Well what do ya know. After finding the article below outlining all the “conservatives” who have attacked Rand Paul, I stumbled upon this article about some ”libertarians” who are refusing to back him up.
There are a few issues involved here. First, there is the constitutional issue. That the feds lacked the enumerated power to regulate private businesses in this manner is a slam dunk. If you think otherwise then please produce for me the Article and Section or Amendment that authorizes it. Conservatives, who should generally be originalist, should therefore hold that the CRA was unconstitutional as most at the time, such as William F. Buckley, National Review and Barry Goldwater, did. If someone is generally an originalist and/or an enumerated powers person, but believes the issues involved with the CRA were so important that they required extra-constitutional federal action, then he should so state. Much as a staunch constitutionalist conservative might support some federal action on abortion against his general originalist principles because the issue is so grave. This would be what you might call a principled exception. But none of the three libertarians cited here do this. They don’t raise Constitutional concerns at all. They seem to take Federal authority here for granted.
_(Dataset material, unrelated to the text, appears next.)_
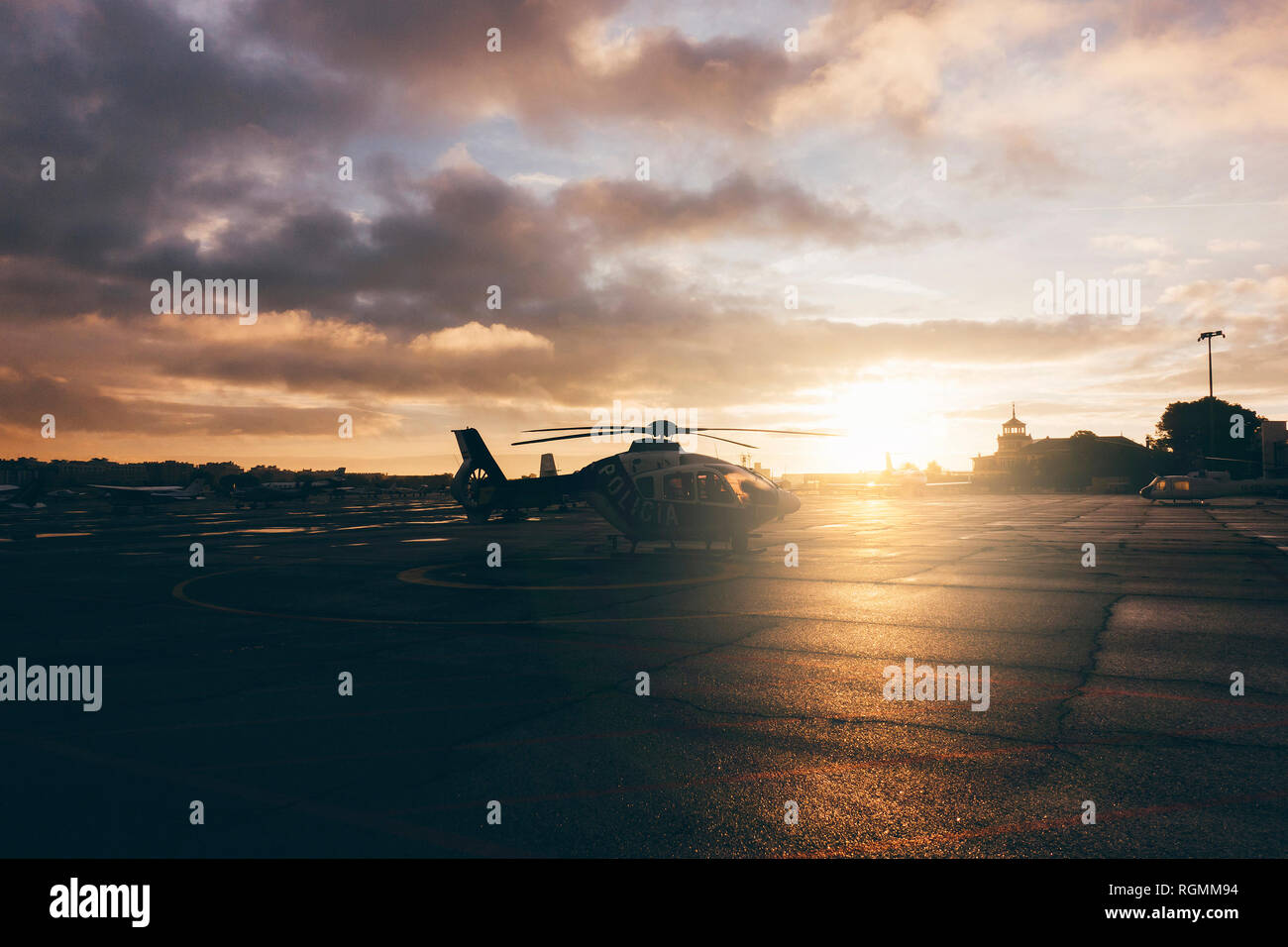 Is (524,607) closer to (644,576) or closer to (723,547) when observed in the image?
(644,576)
The other issue is freedom of association. From what I can tell from the Rand Paul interview, he was primarily making a libertarian absolute freedom of association argument more than he was a constitutionalist argument. Here conservatives of good faith could disagree, because conservatives are not under the same philosophical obligation that libertarians are to value the primacy of individual rights above all else. Although a general Burkean argument could be made that imposed change from above brought about too much societal upheaval too quickly and slow change would have been more natural and brought about better results in the long run.
But it doesn’t seem to me that for the philosophically consistent libertarian, the freedom of association argument is negotiable. So by supporting the CRA the three libertarians cited in the article are being less libertarian. Now this isn’t necessarily bad. As a conservative I wish libertarians were less libertarian on a lot of things – immigration, abortion, gay marriage, etc. – but I can’t help but think that these libertarians are being conveniently less libertarian on this hot button issue because they have either embraced or fear the recriminations of the PC thought police.